Reader MrSlovenian points us to a really interesting story that highlights one way in which journalism is really changing, and how the old “gatekeeper” mentality fails. It kicks off with a story posted last Friday on Yahoo Sports via “The Sports Xchange,” a service for syndicating news, written by veteran NFL reporter Len Pasquarelli. The story claimed that Indianapolis Colts defense end Robert Mathis was planning to hold out from training camp in an attempt to get an extension on his contract. Among the claims made by Pasquerelli was the following:

The Sports Xchange can report with some degree of certainty that Mathis ($2.41 million in 2011) has no intention of reporting to the club until/unless his contract is addressed.

Said one person close to the Mathis situation: “He’ll never play another snap there under that (existing) contract.”

Not surprisingly, an Indianapolis Colts fan blog, called 18to88, quickly posted the story and, at the same time, posted a direct Twitter message to Mathis, who uses Twitter. Pretty quickly, Mathis responded directly to the 18to88 writer, Nate Dunlevy, denying the story and noting that he wasn’t planning to hold out because the team had other priorities to cover, indicating that his demanding more money would hurt the overall team and some of the other players. Dunlevy posted a detailed update, praising Mathis for his “team spirit.”

So, at this point, we have a “veteran reporter” with a story on Yahoo Sports that quickly gets debunked by the main subject of that story responding to a question from a fan blogger on Twitter. The whole concept of the gatekeeper mentality of old school journalism was that it was the journalists who had the sources and that you, the lowly reader, had none. In the interactive world of today, that equation has shifted in many cases and the established press hasn’t quite realized it yet.

Case in point: two days after Mathis debunked the story on his own Twitter feed and Dunlevy had written about this, Fox Sports reposted the entire original Pasquarelli article claiming that Mathis was going to hold out. The story also got picked up by an NBC football blogger, which drove even more attention to the story.

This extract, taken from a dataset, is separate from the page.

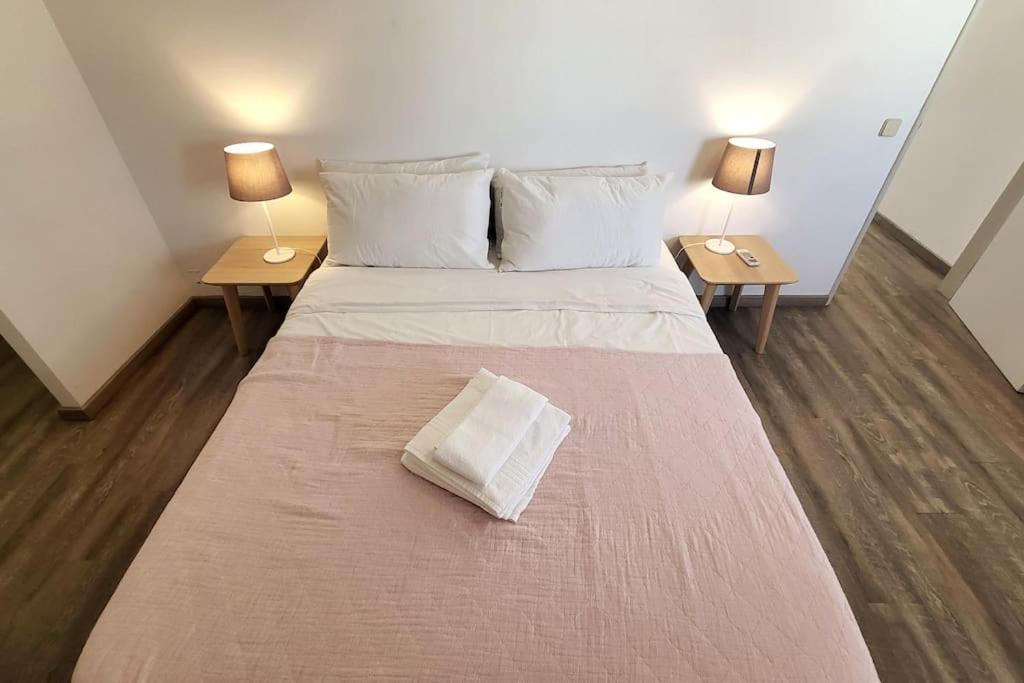 Sea View Apartment *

This new national attention, two days after Mathis has publicly denied the same story, got fans upset at Mathis and had him (once again) publicly (and reasonably angrily) denying the story. After this whole thing was pointed out, the NBC blogger, Gregg Rosenthal, updated his blog post, but the Fox News story and the Yahoo story remain unchanged.

Dunlevy has written up a full explanation of all of this as well, summarizing the whole thing nicely:

  1. The mainstream story by a venerable reporter lacked any direct confirmation from the athlete in question in the story. Pasquarelli was obviously misled by a source. It happens, and it’s not necessarily his fault, though one does have to wonder if it was so easy to get a comment from Mathis about the issue why he didn’t manage to get one.
  2. The mainstream media released a story that had been publicly refuted two days earlier.
  3. It was online journalists that first found the story (me), sought to confirm the story (me), and then widely disseminated the story with the appropriate corrections (me and Rosenthal).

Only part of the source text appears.